A Rio Já mergulha nesta atmosfera eletrizante. Trouxe para suas páginas um dos mais tarimbados críticos musicais da imprensa brasileira. Através de Luiz Henrique Romagnoli vamos tentar decifrar as tendências, as inovações e os shows mais bem avaliados desta edição do festival. Com estilo no texto e precisão no conteúdo, ele antecipa o que pode se esperar da festa.

“No que diz respeito à escalação do elenco, o Rock in Rio passou, ao longo de seus 36 anos de existência, a ser visto como um festival de pop rock conservador”, define ele, para em seguida acrescentar “ Na vida, há duas certezas. Uma é a morte, A outra é a participação do Iron Maiden e do Guns N”Roses no Palco Mundo”.

Mas o festival tem outros espaços, outros palcos – estes abertos a inovações, experimentalismos e também destinados a mesclar nomes consagrados com talentos em gestação. No Sunset, a música negra, brasileira e mundial, vai dominar a cena. Gilberto Gil, Emicida, MC Carol e outros vão pintar um panorama da Música Preta Brasileira: rap, funk carioca, r&b à brasileira se misturam a ijexa, baião e reggae. A espetacular fusão de ritmos promete.

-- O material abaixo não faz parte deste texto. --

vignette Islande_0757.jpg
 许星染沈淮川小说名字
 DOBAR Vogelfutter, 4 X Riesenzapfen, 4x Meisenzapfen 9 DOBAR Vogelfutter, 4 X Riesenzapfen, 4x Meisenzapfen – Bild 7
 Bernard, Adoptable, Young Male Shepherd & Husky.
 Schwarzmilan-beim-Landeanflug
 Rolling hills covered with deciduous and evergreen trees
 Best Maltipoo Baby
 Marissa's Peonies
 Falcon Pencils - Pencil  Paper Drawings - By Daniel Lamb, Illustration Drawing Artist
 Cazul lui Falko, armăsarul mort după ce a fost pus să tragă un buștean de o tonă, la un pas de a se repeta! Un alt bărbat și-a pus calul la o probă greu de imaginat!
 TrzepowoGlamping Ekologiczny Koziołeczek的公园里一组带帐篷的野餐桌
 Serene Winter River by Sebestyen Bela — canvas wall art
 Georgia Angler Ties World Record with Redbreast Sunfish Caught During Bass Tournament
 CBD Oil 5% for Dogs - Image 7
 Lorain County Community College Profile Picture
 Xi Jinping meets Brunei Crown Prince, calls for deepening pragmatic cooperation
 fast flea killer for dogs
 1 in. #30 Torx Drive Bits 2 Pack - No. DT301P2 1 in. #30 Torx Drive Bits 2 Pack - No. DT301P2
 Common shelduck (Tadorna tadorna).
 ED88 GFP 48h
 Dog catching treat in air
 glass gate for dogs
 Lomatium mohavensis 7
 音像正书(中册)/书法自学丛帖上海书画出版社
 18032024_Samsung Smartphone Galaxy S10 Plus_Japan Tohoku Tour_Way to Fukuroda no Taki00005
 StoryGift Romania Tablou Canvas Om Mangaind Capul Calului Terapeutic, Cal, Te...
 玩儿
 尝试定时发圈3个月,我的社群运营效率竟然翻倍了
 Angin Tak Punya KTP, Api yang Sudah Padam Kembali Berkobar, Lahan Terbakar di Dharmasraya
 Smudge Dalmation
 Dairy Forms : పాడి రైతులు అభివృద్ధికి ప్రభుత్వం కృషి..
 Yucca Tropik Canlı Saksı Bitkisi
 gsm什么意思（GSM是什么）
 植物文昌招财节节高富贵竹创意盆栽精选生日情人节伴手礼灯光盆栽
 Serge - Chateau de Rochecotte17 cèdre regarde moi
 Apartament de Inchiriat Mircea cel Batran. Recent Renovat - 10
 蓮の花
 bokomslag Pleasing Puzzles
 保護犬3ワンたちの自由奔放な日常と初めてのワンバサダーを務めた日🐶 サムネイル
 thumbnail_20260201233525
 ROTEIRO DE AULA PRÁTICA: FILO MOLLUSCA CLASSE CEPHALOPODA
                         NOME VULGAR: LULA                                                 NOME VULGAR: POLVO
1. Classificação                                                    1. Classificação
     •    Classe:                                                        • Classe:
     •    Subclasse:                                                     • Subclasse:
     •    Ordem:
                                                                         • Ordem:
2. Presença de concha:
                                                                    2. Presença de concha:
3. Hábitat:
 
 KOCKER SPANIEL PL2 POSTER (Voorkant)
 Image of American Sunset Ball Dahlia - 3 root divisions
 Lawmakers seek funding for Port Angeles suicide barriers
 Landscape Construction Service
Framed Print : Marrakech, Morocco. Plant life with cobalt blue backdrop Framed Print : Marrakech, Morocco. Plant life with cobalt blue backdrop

Os palcos do Rock in Rio funcionam também como instrumento de consagração, de reconhecimento público do melhor momento da carreira dos astros. Ascender ao espaço “Mundo” é sinônimo de promoção ao top ranking do estrelato. Neste ano, coube à exuberante IZA galgar o patamar mais alto das estrelas de fama incandescente do casting do espetáculo, como mostra com charme e competência Aydano André Motta.

A história do festival se entrelaça com a sempre turbulenta política fluminense, relembra o repórter Jan Theophilo. Na primeira edição, por pouco não foi cancelado por determinação do então governador Leonel Brizola, desconfiado das intenções eleitorais da família Medina. Não fosse um telefonema de Tancredo Neves, à época praticamente eleito Presidente da República, a festa não teria sido autorizada.

“Eu estive na casa do Tancredo, em Brasília, para fazer uma apresentação sobre o festival. Expliquei que tinha tudo a ver com o momento político, a liberdade, a volta da democracia”, lembra o ex-deputado Rubem Medina, irmão de Roberto, o cérebro da festa.

Trinta e seis anos depois, o Rock in Rio volta a cumprir o mesmo papel libertário. Novamente se apresenta como antevéspera da redenção democrática do país, preâmbulo da aurora cívica outubrina. À época, saíamos dos anos de chumbo da ditadura. Agora, ao que parece, nos despedimos do obscurantismo, da terraplanismo, enfim, dos espetáculos obtusos do patego mandatário.